22 films en compétition, de nombreuses séances spéciales, des sections parallèles… Le Festival de Cannes accueille une fois de plus le gratin du cinéma mondial. Notre sélection des œuvres qui vont créer le buzz.
par Olivier Joyard.

L’inconnue d’Arthur Harari
Léa Seydoux est de retour au Festival de Cannes, tout comme le passionnant Arthur Harari. Le réalisateur du très beau Onoda (2021) et co-scénariste de la Palme d’or Anatomie d’une chute (2023) avec sa compagne Justine Triet, adapte ici le roman graphique Le cas David Zimmerman, qu’il a coécrit avec son frère Lucas. L’Inconnue raconte comment un photographe dépressif (Niels Schneider) se retrouve dans le corps d’une inconnue (Léa Seydoux) après l’avoir rencontrée dans une soirée. Sur ce canevas fantastique qui perturbe le quotidien de personnages déboussolés, Harari crée un film lumineux sur des identités et des âmes troublées. Une auscultation mémorable de l’état du monde et des corps.

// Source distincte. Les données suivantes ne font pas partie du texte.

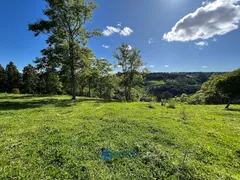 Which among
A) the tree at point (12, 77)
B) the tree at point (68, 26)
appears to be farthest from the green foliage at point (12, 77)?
the tree at point (68, 26)

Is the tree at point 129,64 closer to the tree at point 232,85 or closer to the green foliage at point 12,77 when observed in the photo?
the tree at point 232,85

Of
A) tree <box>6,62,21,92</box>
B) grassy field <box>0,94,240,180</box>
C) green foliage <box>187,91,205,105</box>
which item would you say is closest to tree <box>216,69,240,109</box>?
grassy field <box>0,94,240,180</box>

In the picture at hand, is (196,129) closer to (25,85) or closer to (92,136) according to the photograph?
(92,136)

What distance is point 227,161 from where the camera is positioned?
4633mm

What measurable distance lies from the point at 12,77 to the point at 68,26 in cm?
4403

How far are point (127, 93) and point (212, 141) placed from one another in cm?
2347

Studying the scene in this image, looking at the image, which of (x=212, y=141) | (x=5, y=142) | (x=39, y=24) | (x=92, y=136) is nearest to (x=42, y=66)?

L’inconnue (2026) d’Arthur Harari, en compétition officielle.

Paper Tiger de James Gray
Dans une édition où Hollywood se fait très rare, James Gray tient haut le flambeau du cinéma américain avec son nouveau film, quatre ans après le très intime Armageddon Time. Scarlett Johansson, Miles Teller et Adam Driver sont au centre de ce récit qui met en scène deux frères aux prises avec la mafia. Avec ce scénario situé dans le Queens, en 1986, le réalisateur de Ad Astra revient à ses racines ancrées dans le film noir et le drame psychologique aux élans tragiques. Une combinaison qui en fait l’un des grands favoris pour la Palme d’or, décernée samedi 23 mai prochain.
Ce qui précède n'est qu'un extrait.